O legislador de 2015 não se bastou a essa sistemática de precedentes, no entanto ela é de peso teórico e relevância jurídico-processual mais importante. Com efeito, as hipóteses de cabimento da reclamação[14] evidenciam muito bem esse esforço legislativo de resolução do problema da celeridade da prestação jurisdicional. Em específico, nos artigos 988 a 993, do Código de Processo Civil, estão reguladas as hipóteses de cabimento da reclamação, incluindo, em seus objetivos, a manutenção da obediência aos precedentes vinculantes. Os incisos I e II trazem a função primeira atribuída a reclamação, qual seja, a preservação da competência do tribunal e a garantia de autoridade de suas decisões. Quanto à preservação de competência do tribunal, normalmente a reclamação se dá frente a ato judicial que lhe tenha usurpado. Já a garantia da autoridade da decisão de tribunal, pressupõe um processo prévio que tenha originado a decisão que se busca garantir. Já no inciso III, consta a possibilidade de reclamação para garantir a observância de enunciado de súmula vinculante e de decisão do Supremo Tribunal Federal em controle concentrado de constitucionalidade[15]. Por fim, o inciso IV inova nas possibilidades de ajuizamento da reclamação, que passa a ser cabível também para garantir a observância de acórdão proferido em julgamento de incidente de resolução de demandas repetitivas ou incidente de assunção de competência.

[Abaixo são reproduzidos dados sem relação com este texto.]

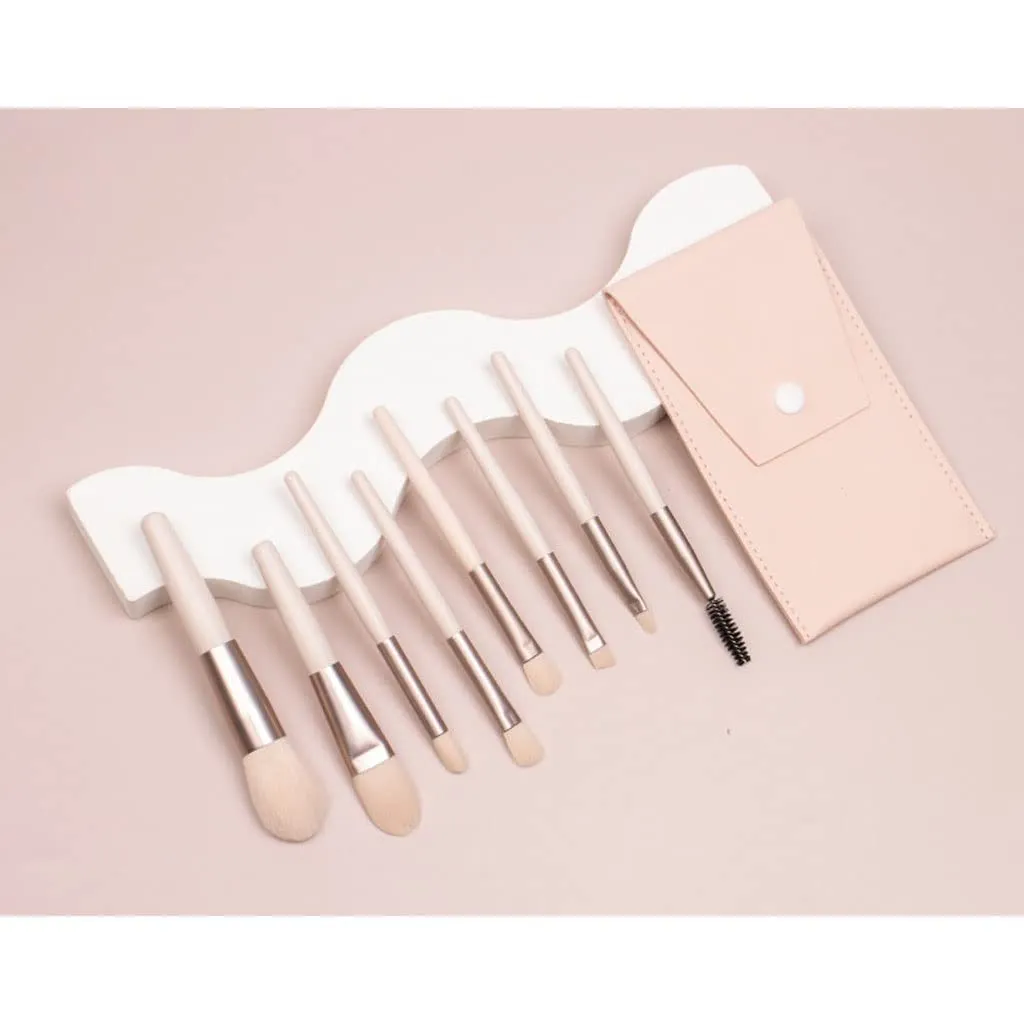 8-piece Mini Makeup Brush Set Portable Makeup Eye Shadow Brush Makeup Tool (Black)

É importante perceber que o intuito do legislador pátrio, ocasionado pelo problema da litigiosidade de massa e a elevada taxa de congestionamento dos juízos e tribunais – segundo o CNJ a taxa de congestionamento geral no ano-base de 2019 foi de 71% (BRASIL, 2020, p. 36) – fez com que todas essas movimentações de alteração da ótica processual fosse impulsionada para a aceleração da resolução de casos pelo Poder Judiciário, sendo o motivo chave de toda a nova dinâmica processual a efetividade da prestação jurisdicional e, de certa forma, a padronização da resposta jurisdicional, prezando a segurança jurídica – mas, talvez, nem tanto a igualdade.
Mas, ao se valer da ótica dos mecanismos de harmonização da jurisprudência, e ao se preocupar com a manutenção da isonomia – além da segurança jurídica e da proteção da confiança – o legislador pátrio abriu uma vereda para que a concretização do direito fundamental à igualdade seja exigido – tanto em sua faceta formal, quanto em sua faceta material.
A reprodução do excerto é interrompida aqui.